# [Problem]
Reproduce, exactly, the lines of the material below from the line containing "Thắt lưng Louis" through the line containing "Glue-Free Pre-Cut 4X4", with both end lines included and nothing else.
- Opening Delimiter -
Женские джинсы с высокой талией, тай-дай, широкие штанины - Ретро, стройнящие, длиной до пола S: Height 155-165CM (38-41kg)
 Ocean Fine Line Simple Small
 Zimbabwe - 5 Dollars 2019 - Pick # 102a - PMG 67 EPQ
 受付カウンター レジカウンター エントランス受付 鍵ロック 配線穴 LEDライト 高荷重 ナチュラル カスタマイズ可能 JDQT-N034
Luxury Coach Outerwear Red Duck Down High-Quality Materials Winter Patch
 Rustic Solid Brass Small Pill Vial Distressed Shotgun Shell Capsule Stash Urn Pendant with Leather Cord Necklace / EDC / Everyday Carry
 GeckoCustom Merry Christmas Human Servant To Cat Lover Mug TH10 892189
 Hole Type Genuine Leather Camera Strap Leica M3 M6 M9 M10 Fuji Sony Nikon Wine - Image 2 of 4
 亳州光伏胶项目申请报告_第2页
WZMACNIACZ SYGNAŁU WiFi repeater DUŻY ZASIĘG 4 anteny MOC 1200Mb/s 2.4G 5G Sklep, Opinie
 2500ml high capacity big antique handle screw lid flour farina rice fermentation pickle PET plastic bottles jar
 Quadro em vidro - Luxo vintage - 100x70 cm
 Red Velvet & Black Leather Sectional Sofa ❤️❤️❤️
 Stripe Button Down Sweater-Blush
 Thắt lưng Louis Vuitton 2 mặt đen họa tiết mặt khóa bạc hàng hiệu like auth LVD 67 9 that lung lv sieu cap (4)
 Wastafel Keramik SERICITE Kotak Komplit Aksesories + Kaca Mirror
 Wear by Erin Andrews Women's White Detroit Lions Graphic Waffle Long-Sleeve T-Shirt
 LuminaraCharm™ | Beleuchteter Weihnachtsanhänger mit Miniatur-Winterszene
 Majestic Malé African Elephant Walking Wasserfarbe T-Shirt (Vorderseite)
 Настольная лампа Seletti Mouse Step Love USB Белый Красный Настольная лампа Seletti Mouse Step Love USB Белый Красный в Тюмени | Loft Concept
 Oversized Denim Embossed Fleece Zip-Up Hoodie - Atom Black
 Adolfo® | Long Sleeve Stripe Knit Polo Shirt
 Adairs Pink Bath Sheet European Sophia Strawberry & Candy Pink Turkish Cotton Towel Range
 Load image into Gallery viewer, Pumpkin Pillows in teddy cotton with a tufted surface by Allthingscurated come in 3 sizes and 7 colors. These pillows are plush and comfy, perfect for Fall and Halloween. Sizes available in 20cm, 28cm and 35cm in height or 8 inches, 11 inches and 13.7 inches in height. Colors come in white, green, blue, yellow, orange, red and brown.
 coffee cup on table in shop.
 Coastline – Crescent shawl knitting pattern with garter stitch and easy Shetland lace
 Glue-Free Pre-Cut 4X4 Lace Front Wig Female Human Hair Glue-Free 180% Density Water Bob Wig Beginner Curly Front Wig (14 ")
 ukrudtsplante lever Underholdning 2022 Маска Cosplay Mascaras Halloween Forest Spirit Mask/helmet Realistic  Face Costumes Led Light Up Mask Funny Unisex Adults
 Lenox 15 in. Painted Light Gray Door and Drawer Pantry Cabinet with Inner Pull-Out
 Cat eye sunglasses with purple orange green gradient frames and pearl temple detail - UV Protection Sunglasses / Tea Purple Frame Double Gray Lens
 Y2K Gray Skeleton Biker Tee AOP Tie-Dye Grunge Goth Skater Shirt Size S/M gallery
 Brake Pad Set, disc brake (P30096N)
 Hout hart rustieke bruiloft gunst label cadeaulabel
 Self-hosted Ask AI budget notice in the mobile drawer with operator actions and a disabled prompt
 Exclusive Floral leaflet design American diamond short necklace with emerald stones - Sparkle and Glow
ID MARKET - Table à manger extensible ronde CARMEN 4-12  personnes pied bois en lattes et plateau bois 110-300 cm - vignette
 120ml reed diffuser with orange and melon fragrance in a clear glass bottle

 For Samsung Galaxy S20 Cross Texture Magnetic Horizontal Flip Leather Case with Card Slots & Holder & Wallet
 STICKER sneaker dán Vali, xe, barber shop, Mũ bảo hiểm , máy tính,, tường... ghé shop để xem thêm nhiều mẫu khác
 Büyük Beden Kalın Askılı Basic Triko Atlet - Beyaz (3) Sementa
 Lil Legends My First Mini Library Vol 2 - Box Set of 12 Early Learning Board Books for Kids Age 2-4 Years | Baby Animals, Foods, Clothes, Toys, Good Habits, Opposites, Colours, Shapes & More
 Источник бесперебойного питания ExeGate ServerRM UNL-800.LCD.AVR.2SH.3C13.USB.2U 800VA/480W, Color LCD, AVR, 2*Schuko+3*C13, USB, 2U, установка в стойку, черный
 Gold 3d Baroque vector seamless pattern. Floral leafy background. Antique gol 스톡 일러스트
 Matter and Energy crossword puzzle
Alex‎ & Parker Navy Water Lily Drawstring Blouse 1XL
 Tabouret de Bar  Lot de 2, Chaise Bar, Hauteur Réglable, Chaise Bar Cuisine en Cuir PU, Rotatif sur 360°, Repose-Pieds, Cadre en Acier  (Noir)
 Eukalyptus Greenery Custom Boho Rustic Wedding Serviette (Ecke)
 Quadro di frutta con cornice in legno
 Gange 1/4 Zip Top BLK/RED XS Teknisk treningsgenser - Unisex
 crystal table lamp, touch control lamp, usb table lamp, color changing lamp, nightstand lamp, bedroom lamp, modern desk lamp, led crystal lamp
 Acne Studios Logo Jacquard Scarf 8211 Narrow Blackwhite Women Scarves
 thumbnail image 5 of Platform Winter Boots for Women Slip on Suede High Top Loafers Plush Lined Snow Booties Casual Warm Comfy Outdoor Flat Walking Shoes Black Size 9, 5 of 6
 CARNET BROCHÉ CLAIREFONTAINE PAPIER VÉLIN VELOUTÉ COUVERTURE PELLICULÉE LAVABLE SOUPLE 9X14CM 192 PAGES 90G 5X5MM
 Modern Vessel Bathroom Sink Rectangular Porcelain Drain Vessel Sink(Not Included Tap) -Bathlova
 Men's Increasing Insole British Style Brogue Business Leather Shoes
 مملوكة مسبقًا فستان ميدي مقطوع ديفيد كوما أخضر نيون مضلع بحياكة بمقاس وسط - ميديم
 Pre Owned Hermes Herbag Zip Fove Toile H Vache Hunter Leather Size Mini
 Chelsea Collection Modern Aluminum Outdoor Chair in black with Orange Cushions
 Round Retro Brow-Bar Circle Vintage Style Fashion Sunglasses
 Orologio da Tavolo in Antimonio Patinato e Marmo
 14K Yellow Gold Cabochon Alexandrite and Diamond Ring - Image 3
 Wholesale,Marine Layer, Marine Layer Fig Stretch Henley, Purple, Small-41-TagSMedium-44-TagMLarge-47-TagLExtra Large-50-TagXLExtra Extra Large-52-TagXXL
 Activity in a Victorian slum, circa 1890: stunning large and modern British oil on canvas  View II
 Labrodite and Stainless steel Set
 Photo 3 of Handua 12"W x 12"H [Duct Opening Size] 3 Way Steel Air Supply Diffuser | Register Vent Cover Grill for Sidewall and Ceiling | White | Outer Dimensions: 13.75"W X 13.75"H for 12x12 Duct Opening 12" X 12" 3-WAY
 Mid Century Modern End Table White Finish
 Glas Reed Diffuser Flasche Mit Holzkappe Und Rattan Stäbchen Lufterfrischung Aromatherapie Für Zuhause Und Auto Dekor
- Closing Delimiter -
# [Solution for this problem]
 Thắt lưng Louis Vuitton 2 mặt đen họa tiết mặt khóa bạc hàng hiệu like auth LVD 67 9 that lung lv sieu cap (4)
 Wastafel Keramik SERICITE Kotak Komplit Aksesories + Kaca Mirror
 Wear by Erin Andrews Women's White Detroit Lions Graphic Waffle Long-Sleeve T-Shirt
 LuminaraCharm™ | Beleuchteter Weihnachtsanhänger mit Miniatur-Winterszene
 Majestic Malé African Elephant Walking Wasserfarbe T-Shirt (Vorderseite)
 Настольная лампа Seletti Mouse Step Love USB Белый Красный Настольная лампа Seletti Mouse Step Love USB Белый Красный в Тюмени | Loft Concept
 Oversized Denim Embossed Fleece Zip-Up Hoodie - Atom Black
 Adolfo® | Long Sleeve Stripe Knit Polo Shirt
 Adairs Pink Bath Sheet European Sophia Strawberry & Candy Pink Turkish Cotton Towel Range
 Load image into Gallery viewer, Pumpkin Pillows in teddy cotton with a tufted surface by Allthingscurated come in 3 sizes and 7 colors. These pillows are plush and comfy, perfect for Fall and Halloween. Sizes available in 20cm, 28cm and 35cm in height or 8 inches, 11 inches and 13.7 inches in height. Colors come in white, green, blue, yellow, orange, red and brown.
 coffee cup on table in shop.
 Coastline – Crescent shawl knitting pattern with garter stitch and easy Shetland lace
 Glue-Free Pre-Cut 4X4 Lace Front Wig Female Human Hair Glue-Free 180% Density Water Bob Wig Beginner Curly Front Wig (14 ")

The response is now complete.